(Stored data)
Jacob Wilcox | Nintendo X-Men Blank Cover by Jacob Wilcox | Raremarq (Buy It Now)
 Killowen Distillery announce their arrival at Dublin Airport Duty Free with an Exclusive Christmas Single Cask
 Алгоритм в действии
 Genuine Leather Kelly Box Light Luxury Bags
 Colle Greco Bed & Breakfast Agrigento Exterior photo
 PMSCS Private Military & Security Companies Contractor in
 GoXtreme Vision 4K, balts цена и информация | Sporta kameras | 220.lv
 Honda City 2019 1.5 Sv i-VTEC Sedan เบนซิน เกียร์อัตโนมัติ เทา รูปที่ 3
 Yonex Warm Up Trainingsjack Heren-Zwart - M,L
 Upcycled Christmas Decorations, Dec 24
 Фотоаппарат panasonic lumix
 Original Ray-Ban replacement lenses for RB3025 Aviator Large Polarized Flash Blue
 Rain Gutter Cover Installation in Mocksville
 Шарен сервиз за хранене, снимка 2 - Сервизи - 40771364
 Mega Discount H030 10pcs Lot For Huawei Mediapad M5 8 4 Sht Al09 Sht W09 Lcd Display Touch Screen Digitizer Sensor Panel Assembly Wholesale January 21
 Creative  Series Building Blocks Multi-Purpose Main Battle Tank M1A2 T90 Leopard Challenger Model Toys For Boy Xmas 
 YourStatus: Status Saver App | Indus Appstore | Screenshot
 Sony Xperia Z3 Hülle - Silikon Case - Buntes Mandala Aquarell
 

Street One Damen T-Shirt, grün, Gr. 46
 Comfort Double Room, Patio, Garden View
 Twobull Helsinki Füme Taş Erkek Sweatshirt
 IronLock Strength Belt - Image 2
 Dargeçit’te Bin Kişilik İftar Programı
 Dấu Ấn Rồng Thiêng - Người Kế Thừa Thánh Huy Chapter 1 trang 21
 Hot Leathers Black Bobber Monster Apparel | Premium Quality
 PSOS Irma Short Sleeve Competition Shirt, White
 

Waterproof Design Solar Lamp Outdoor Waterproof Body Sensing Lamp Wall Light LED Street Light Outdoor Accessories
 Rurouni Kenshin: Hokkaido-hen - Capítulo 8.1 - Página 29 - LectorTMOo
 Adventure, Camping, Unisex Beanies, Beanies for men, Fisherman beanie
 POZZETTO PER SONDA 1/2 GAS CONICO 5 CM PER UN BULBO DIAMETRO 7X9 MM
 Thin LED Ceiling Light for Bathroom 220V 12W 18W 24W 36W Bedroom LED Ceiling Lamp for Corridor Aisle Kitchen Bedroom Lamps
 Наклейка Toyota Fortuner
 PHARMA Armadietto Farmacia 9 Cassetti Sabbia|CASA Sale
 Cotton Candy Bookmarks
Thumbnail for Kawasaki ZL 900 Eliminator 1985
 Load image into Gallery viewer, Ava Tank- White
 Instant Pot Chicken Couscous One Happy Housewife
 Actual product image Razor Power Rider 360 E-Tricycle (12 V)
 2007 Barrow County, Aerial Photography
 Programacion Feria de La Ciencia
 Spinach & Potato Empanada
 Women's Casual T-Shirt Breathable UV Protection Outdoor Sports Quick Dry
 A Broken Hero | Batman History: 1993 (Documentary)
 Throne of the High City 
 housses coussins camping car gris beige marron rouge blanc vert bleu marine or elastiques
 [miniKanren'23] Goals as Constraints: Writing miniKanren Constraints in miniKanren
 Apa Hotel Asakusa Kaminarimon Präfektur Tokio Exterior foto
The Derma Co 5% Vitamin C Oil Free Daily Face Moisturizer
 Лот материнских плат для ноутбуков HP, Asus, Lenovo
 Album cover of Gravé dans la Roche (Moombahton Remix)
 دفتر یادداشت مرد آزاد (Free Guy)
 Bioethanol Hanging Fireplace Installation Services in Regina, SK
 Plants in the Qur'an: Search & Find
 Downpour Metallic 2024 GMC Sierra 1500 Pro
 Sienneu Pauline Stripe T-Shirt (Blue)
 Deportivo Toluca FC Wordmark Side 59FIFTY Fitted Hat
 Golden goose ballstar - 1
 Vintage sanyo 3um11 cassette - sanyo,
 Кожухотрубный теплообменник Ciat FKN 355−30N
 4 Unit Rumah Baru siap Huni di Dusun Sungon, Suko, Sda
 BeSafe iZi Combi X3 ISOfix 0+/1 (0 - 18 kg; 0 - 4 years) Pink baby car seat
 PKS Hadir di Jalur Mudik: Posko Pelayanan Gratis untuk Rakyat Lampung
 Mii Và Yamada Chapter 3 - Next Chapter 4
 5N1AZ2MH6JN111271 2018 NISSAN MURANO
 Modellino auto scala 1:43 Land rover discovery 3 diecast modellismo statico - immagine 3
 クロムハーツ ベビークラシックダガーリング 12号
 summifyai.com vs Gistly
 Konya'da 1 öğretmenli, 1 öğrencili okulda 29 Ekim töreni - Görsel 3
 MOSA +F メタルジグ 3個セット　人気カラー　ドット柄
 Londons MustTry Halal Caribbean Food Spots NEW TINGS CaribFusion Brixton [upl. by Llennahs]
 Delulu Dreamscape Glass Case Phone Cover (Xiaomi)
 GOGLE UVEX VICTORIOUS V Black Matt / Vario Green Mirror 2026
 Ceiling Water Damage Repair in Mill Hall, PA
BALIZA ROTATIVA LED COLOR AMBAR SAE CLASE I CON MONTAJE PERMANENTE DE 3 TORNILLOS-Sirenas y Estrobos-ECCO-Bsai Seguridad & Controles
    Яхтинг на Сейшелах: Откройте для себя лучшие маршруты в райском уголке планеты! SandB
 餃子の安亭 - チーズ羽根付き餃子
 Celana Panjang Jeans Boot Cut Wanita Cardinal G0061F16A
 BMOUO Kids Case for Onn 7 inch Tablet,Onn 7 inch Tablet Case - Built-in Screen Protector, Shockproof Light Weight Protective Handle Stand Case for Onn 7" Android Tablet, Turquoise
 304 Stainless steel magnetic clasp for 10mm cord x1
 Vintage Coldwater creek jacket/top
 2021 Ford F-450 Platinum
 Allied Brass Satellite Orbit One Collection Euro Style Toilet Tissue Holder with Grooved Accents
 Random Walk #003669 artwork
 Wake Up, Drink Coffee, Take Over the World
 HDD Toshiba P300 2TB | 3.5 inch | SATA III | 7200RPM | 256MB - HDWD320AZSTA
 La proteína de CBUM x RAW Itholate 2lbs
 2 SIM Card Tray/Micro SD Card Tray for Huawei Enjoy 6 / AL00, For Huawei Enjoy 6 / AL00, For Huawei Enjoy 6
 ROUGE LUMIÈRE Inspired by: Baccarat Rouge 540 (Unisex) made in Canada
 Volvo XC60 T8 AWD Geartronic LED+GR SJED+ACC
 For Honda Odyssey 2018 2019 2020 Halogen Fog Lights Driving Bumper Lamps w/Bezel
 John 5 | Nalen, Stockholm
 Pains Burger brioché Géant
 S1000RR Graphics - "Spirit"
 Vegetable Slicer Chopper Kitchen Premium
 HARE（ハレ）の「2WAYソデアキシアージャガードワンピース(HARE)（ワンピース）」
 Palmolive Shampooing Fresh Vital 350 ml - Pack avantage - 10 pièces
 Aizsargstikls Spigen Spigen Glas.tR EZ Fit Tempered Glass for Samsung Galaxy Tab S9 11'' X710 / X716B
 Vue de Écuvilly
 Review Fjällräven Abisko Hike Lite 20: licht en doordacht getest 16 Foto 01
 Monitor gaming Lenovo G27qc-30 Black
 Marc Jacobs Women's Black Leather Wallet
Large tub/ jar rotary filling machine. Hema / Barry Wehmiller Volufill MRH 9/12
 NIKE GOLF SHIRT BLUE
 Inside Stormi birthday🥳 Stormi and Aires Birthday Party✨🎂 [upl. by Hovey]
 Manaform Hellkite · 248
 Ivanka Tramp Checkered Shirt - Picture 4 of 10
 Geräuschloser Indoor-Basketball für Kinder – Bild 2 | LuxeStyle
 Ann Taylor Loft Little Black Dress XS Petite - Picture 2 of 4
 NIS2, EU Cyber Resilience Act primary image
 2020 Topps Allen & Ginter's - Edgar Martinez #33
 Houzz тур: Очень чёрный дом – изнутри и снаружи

What you need to do: An exact, complete copy of the lines above from the one with "Twobull Helsinki Füme Taş Erkek Sweatshirt" through the one with "Наклейка Toyota Fortuner" is the whole answer.

Output for this exercise:
 Twobull Helsinki Füme Taş Erkek Sweatshirt
 IronLock Strength Belt - Image 2
 Dargeçit’te Bin Kişilik İftar Programı
 Dấu Ấn Rồng Thiêng - Người Kế Thừa Thánh Huy Chapter 1 trang 21
 Hot Leathers Black Bobber Monster Apparel | Premium Quality
 PSOS Irma Short Sleeve Competition Shirt, White
 

Waterproof Design Solar Lamp Outdoor Waterproof Body Sensing Lamp Wall Light LED Street Light Outdoor Accessories
 Rurouni Kenshin: Hokkaido-hen - Capítulo 8.1 - Página 29 - LectorTMOo
 Adventure, Camping, Unisex Beanies, Beanies for men, Fisherman beanie
 POZZETTO PER SONDA 1/2 GAS CONICO 5 CM PER UN BULBO DIAMETRO 7X9 MM
 Thin LED Ceiling Light for Bathroom 220V 12W 18W 24W 36W Bedroom LED Ceiling Lamp for Corridor Aisle Kitchen Bedroom Lamps
 Наклейка Toyota Fortuner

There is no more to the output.